New member

Hi everyone

I’m new here and not sure if I’ve posted in the right place.

I’m a carer for my 89 year old Mother who is mentally very sharp but physically she is extremely frail and has health issues. In some ways I feel I have always been supporting her but over the last few years she’s been in a gradual decline. Lots of falls, hospitals etc etc.

Her care agency changed just before Christmas and I found it enormously stressful as Social Services struggled to get cover but did eventually.

Mum is requiring so much support now that I’m struggling to cope. My mental and physical health has crashed but somehow I have to keep going. As well as working too. I think unless one is in this situation it is difficult for people to grasp the impact it has on one’s life. Today there’s been 12 phone calls around Mum’s care, last Thursday it was six. Every day there is something. I have to keep taking time off work - either unpaid or holiday to deal with stuff. This week I’ll have to take time off tomorrow and Wednesday.

I feel that I don’t have a life. All the things I want to do are put on hold. I’ve felt that I’ve had to isolate myself due to the virus because who would support her if I couldn’t? My Mum finds it difficult to ask the carers to do things so she waits until I visit. I haven’t had a proper rest in such a long time because it’s there 24/7.

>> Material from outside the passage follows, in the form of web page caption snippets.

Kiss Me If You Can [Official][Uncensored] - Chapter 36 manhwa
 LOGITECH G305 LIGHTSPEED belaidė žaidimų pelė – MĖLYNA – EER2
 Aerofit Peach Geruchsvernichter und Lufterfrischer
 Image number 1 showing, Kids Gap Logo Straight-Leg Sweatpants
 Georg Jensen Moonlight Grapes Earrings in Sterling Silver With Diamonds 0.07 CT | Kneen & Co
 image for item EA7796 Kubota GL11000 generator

I have tried to reach out to various agencies but I’m not heard. I feel embarrassed that I’m just descending into tears on the phone all the time. I’m having to maintain this exterior of coping when inside I’m not.

Lx

Sadly, mum is only going to get worse until she passes away.
It’s all very sad, my mum was frail for many years, until she needed to much care 24/7 that residential became the only option left. Never what someone wants, but it was what mum needed.
When did mum last have a Needs Assessment, and you, a Carers Assessment?
Does mum own or rent her home?
Have over £23,000 in savings?
The more help mum accepts in her home, the longer she can stay there.

The trouble with agencies that are meant to help us is that they’re under pressure and tend to leave people struggling until they reach breaking point. Partly because they’re so pressured they don’t notice ours.

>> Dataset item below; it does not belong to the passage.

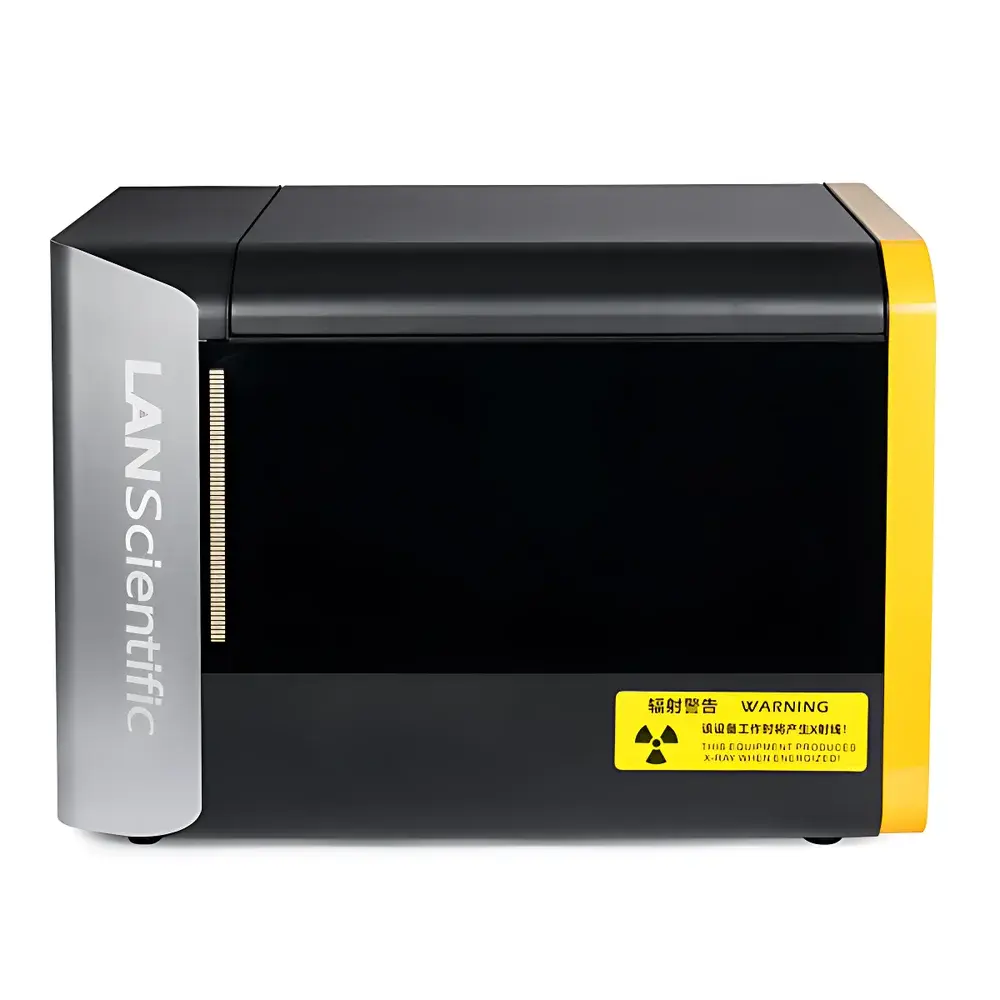 LANScientific ScopeX Desktop Energy Dispersive X-Ray Fluorescence Spectrometer for Iron Ore Analysis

So tell them. Don’t dress it up. Don’t be excessively polite. Put it in simple terms and back it up in writing.

“I need help. I can’t carry on like this.”

That’s it. Tell social services exactly that and ask them to review/carry out a Needs Assessment on your Mum AND a Carers Assessment on you. If they say you’re not due one tell them that the situation has changed because you can’t carry on like this without collapsing.

Put the ball in their court.

Part of that should be to get you a break from caring - a holiday. Even if it’s at home.